I would love to see:
- a comparison between wx and gtk

Best would be to try the introduction tutorials yourself.

Also be aware that wxWidgets and GTK are C/C++ libraries and
wxPython and wxGTK are "just" Python bindings with a few
enhancements for it.
(QT doesn't have a very inviting license ;-)

GNU GPL isn't inviting?

Regards,


Björn
 
B

Bruno Desthuilliers

Stef Mientki a écrit :
(snip)
I'm not an (educated) programmer, so I don't always use the right terms :-(
If I look at a well established program like DIA,
and see that it still can't repaint it's screen always correctly, ...

I suppose you're talking about the Diagram drawing program Dia. If so, I
don't see how it is relevant to Python GUI programming since Dia is
written in C with the GTK toolkit. The stability problems you experience
have probably more to do with the status of the Windows port of GTK
(which is originally a X toolkit).
I've been using Python for just 2 months, and didn't try any graphical
design,

So how can you comment on GUI programming with Python ?
 
P

Peter Decker

Some examples:
- Creating a treeview (like in the M$ explorer), with full edit capabilities and full drag & drop
facilities: Delphi takes about 40 lines of code (most of them even ^C ^V).
- Creating a graphical overview of relations between database tables, which can be graphical
manipulated by the user (like in M$ Access): Delphi 20 lines of code.
I wonder what this costs in Python ?

You really need to get your thinking straightened out. You can't
compare Delphi to Python; Delphi is a product that uses Pascal as its
language, while Python is a language. When you compare a product for a
language to an entire language, it makes the rest of your arguments
look silly.

BTW, you said you looked at the Dabo Class Designer - did you know
that that tool itself was written in Dabo?

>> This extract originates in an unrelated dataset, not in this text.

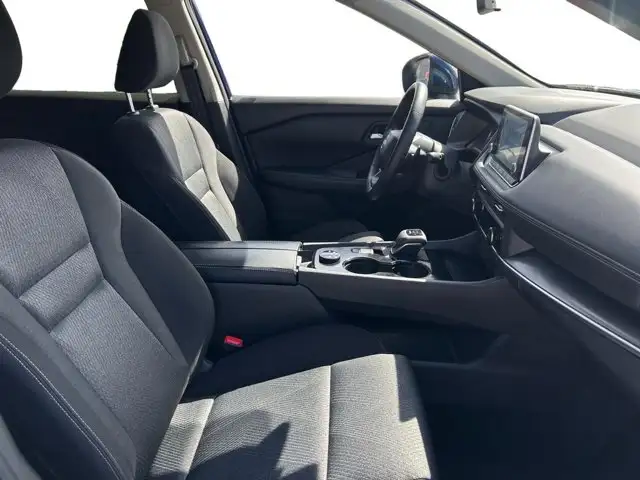 2025 Nissan Rogue SV Moonroof - Photo 13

The power is there. The fact that you couldn't completely understand
it in a brief review says more about you than it does about Python,
wxPython or Dabo.
 
D

Diez B. Roggisch

Stef said:
No, but if that's your believe ..

I'm sorry, that was a misreading of mine.
Some examples:
- Creating a treeview (like in the M$ explorer), with full edit
capabilities and full drag & drop
facilities: Delphi takes about 40 lines of code (most of them even ^C ^V).

As does Qt.
- Creating a graphical overview of relations between database tables,
which can be graphical
manipulated by the user (like in M$ Access): Delphi 20 lines of code.
I wonder what this costs in Python ?

Qt has data-aware classes, albeit I didn't play with them.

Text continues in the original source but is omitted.